We define the mappings within a cube:
"cubes": [
{
"dimensions": [..., "year"],
"measures": ["amount"],
"mappings": {
"year":"sales_year",
"amount":"total_amount"]
}
}
],
"dimensions": [
...
{ "name": "year" }
]
Following patterns show how to specify one or multiple dimension hierarchies.
Synopsis: Dimension has more than one level.
Product dimension has two levels: product category and product. The product category level is represented by two attributes category_code (as key) and category. The product has also two attributes: product_code and name.
"cubes": [
{
"dimensions": ["product", ...],
"measures": ["amount"],
"joins": [
{"master":"product_id", "detail":"product.id"}
]
}
],
"dimensions": [
{
"name": "product",
"levels": [
{
"name":"category",
"attributes": ["category_code", "category"]
},
{
"name":"product",
"attributes": ["code", "name"]
}
]
}
]
Synopsis: Dimension has multiple ways how to organise levels into hierarchies.

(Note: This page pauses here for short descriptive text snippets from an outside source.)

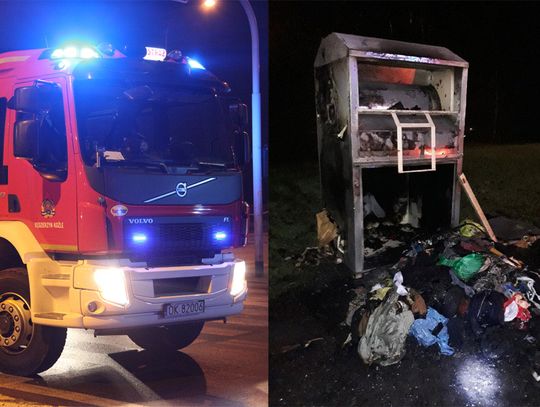 Ktoś podpalił kontener z odzieżą używaną. Interwencja straży pożarnej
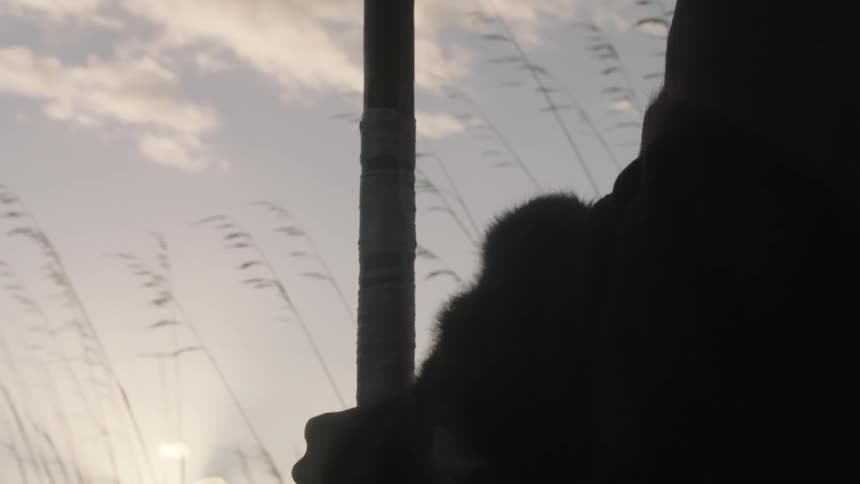 A person wearing fur stands on a windy field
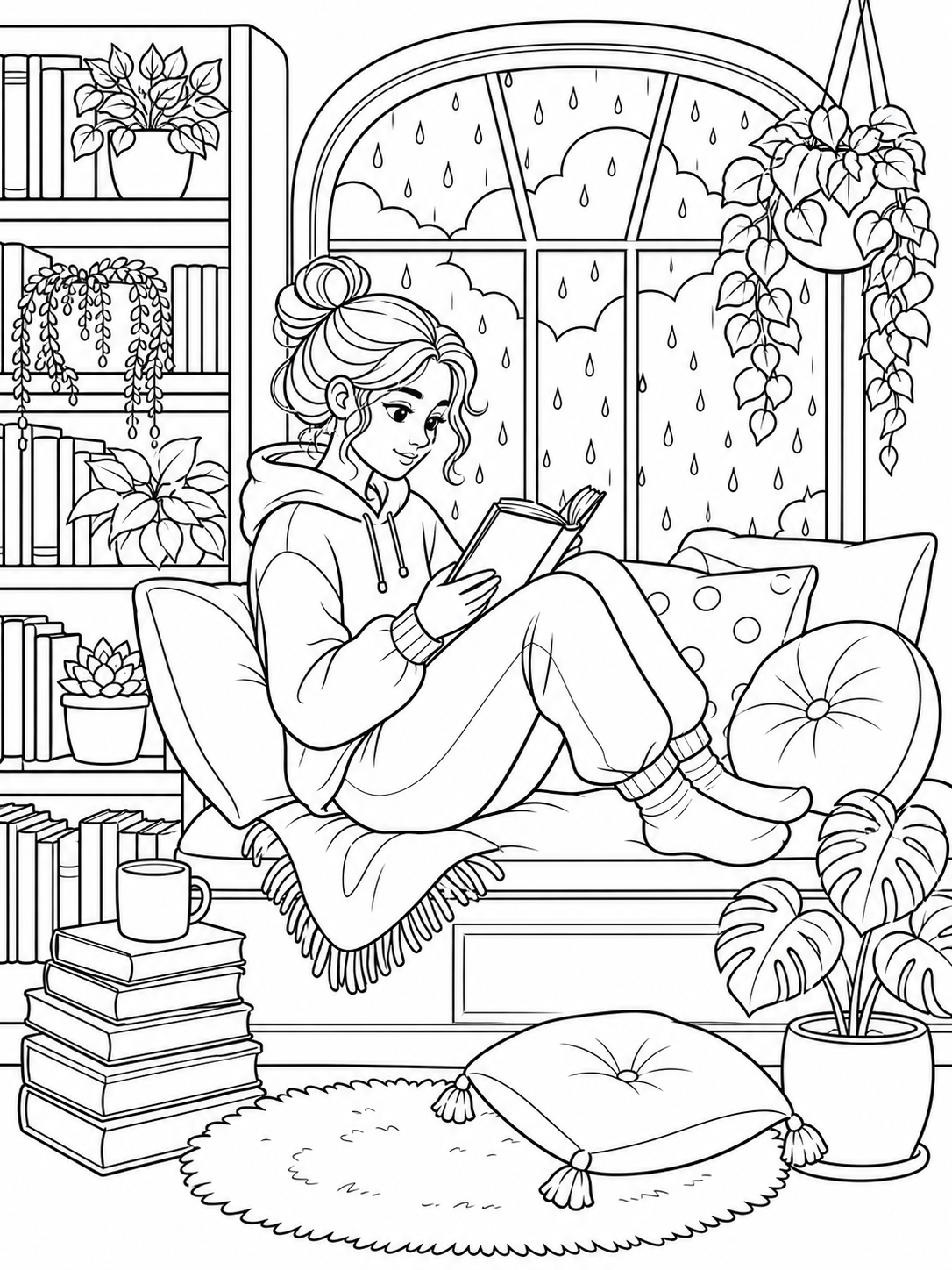 Girl Reading By Window — coloring pages for teens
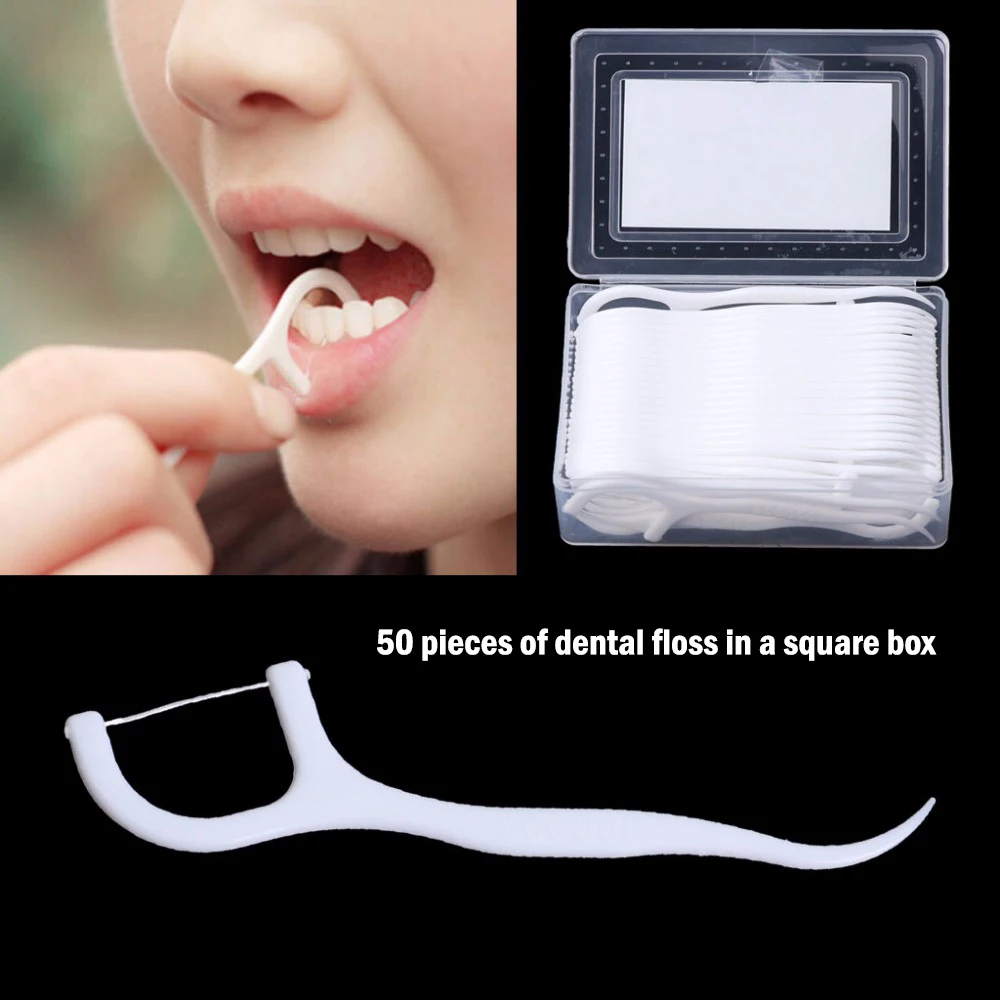 

25/50/100pcs Dental Floss Flosser Picks Toothpicks Teeth Stick Tooth Cleaning Interdental Brush Dental Floss Oral Hygiene Care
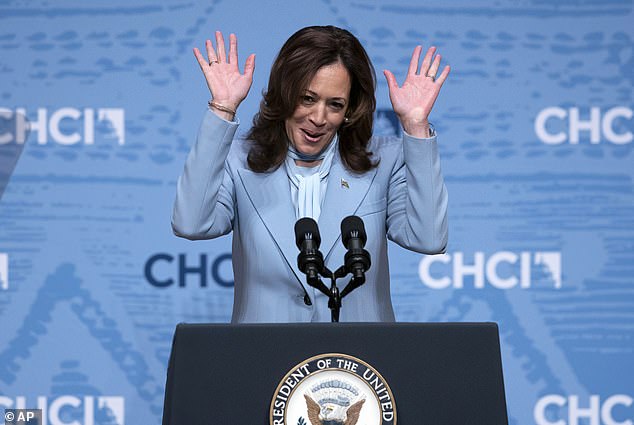 Democratic presidential candidate Vice President Kamala Harris speaks at the Congressional Hispanic Caucus Institute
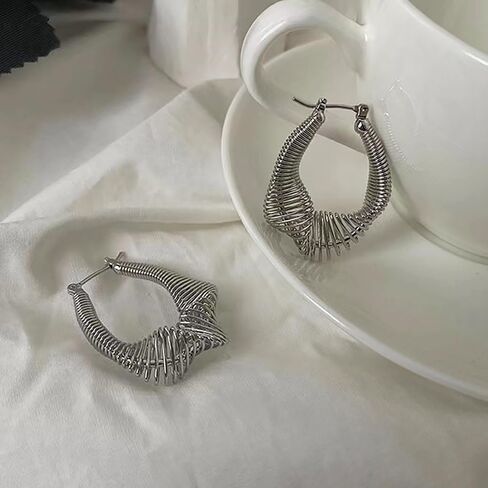 Chunky Irregular Hoop Statement Earrings for Women Teen Girls,14K Gold Geometric Stainless Steel Thick Hollow Earrings Party Trendy Holiday Jewelry Gifts in Saudi Arabia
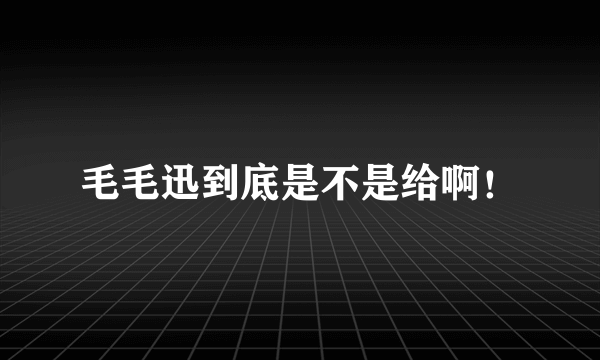 毛毛迅到底是不是给啊！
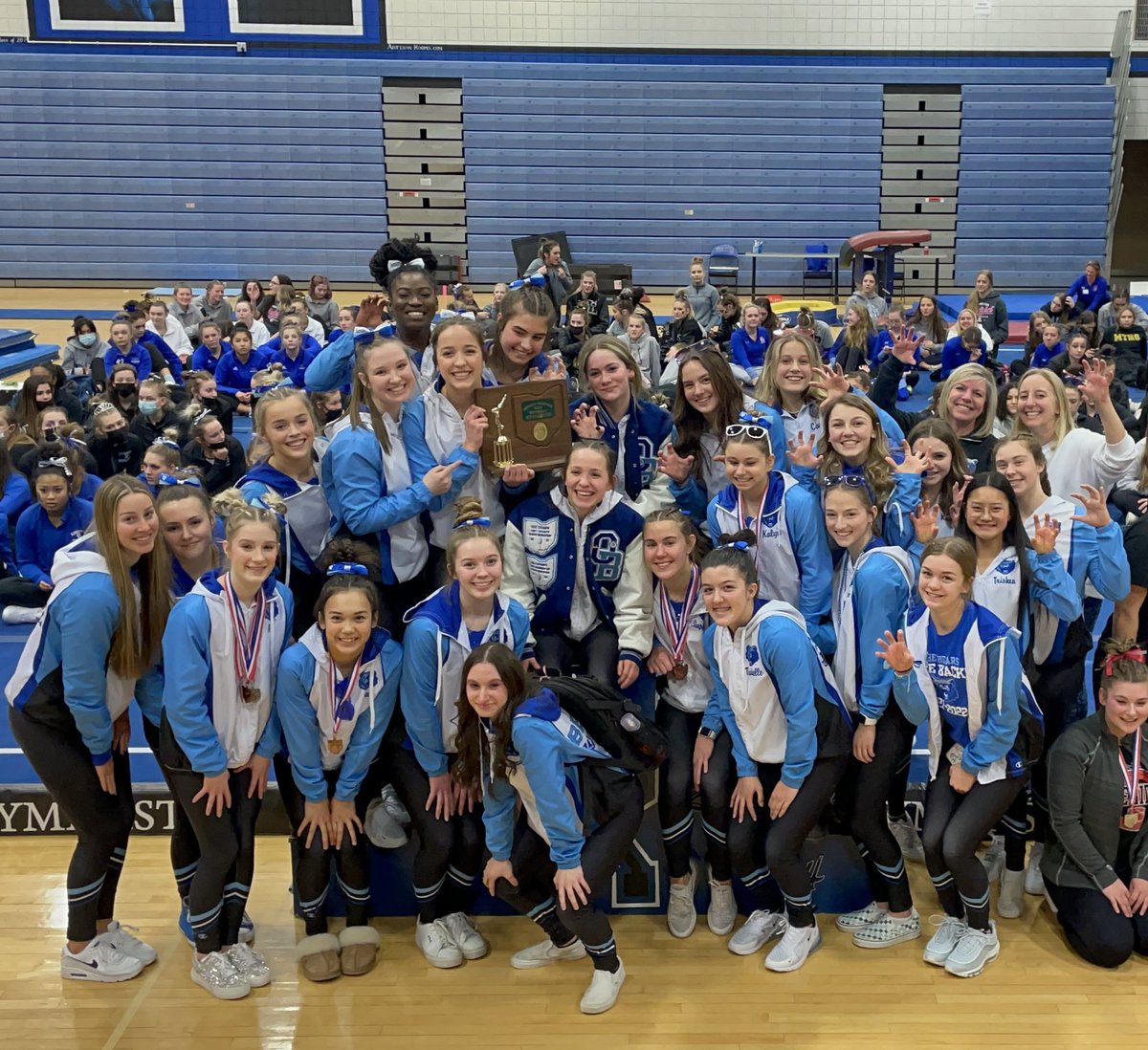 BEARS GYMNASTICS PLACES 1ST IN THE DISTRICT FOR THE SECOND YEAR IN A ROW BREAKING THE ALL TIME DISTRICT TEAM RECORD WITH A 146.025 &amp; QUALIFYING FOR STATES!! Congratulations to Alex D. Tia, Kalyn, and Stephanie for qualifying individually! SEE YOU AT BRADLEY NEXT WEEKEND!!!! 💙💙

Dimensions such as date (depicted below) or geography might have multiple ways of organizing their attributes into a hierarchy. The date can be composed of year-month-day or year-quarter-month-day.
To define multiple hierarchies, first define all possible levels. Then create list of hierarchies where you specify order of levels for that particular hierarchy.
The code example below is in the “dimensions” section of the model:
{
"name":"date",
"levels": [
{ "name": "year", "attributes": ["year"] },
{ "name": "quarter", "attributes": ["quarter"] },
{ "name": "month", "attributes": ["month", "month_name"] },
{ "name": "week", "attributes": ["week"] },
{ "name": "weekday", "attributes": ["weekday"] },
{ "name": "day", "attributes": ["day"] }
],
"hierarchies": [
{"name": "ymd", "levels":["year", "month", "day"]},
{"name": "ym", "levels":["year", "month"]},
{"name": "yqmd", "levels":["year", "quarter", "month", "day"]},
{"name": "ywd", "levels":["year", "week", "weekday"]}
],
"default_hierarchy_name": "ymd"
}
The default_hierarchy_name specifies which hierarchy will be used if not mentioned explicitly.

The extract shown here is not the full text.